Preface 1. Quick Start with Java FREE CHAPTER 2. Reactive Web with Spring Boot 3. Reactive Data Access with Spring Boot 4. Testing with Spring Boot 5. Developer Tools for Spring Boot Apps 6. AMQP Messaging with Spring Boot 7. Microservices with Spring Boot 8. WebSockets with Spring Boot 9. Securing Your App with Spring Boot 10. Taking Your App to Production with Spring Boot

Getting started

What is step one when we get underway with a project? We visit Stack Overflow and look for an example project to help us build our project!

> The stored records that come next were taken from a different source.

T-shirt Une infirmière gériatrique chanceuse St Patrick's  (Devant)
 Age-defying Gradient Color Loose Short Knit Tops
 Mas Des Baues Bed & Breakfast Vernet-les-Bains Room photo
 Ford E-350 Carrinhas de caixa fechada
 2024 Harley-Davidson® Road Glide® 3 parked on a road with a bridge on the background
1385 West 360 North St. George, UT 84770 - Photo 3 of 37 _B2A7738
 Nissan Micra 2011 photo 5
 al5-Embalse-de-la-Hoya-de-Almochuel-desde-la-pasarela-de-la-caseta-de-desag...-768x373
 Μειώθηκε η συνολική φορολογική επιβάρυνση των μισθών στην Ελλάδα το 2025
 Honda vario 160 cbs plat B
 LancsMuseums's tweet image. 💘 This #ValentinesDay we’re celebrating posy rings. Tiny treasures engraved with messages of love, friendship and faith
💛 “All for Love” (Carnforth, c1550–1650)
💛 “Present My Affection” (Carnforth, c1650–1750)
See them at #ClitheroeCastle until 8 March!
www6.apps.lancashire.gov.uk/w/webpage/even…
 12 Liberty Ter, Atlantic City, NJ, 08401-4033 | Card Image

Seriously, the amount of time spent adapting another project's build file, picking dependencies, and filling in other details adds up to a lot of wasted time.

No more.

At the Spring Initializr (https://start.spring.io), we can enter minimal details about our app, pick our favorite build system and the version of Spring Boot we wish to use, and then choose our dependencies off a menu. Click the Generate Project button, and we have a free-standing, ready-to-run application.

In this chapter, we'll take a quick test drive, and build a small web app. We can start by picking Gradle from the drop-down menu. Then select 2.0.0.M5 as the version of Spring Boot we wish to use.

Next, we need to pick our application's coordinates, as follows:

  • Group - com.greglturnquist.learningspringboot
  • Artifact - learning-spring-boot

Now comes the fun part. We pick the ingredients for our application, like picking off a delicious menu. If we start typing, say, Web, into the Dependencies box, we'll see several options appear. To see all the available options, click on the Switch to the full version link toward the bottom.

There are lots of overrides, such as switching from JAR to WAR, or using an older version of Java. You can also pick Kotlin or Groovy as the primary language for your application. For starters, in this day and age, there is no reason to use anything older than Java 8. JAR files are the way to go. WAR files are only needed when applying Spring Boot to an old container.

To build our social media platform, we need these few ingredients:

  • Reactive Web (embedded Netty + Spring WebFlux)
  • Reactive MongoDB (Spring Data MongoDB)
  • Thymeleaf template engine
  • Lombok (to simplify writing POJOs)

The following screenshot shows us picking these options:

With these items selected, click on Generate Project.

There are lots of other tools that leverage this site. For example, IntelliJ IDEA lets you create a new project inside the IDE, giving you the same options shown here. It invokes the website's REST API, and imports your new project. You can also interact with the site via curl or any other REST-based tool.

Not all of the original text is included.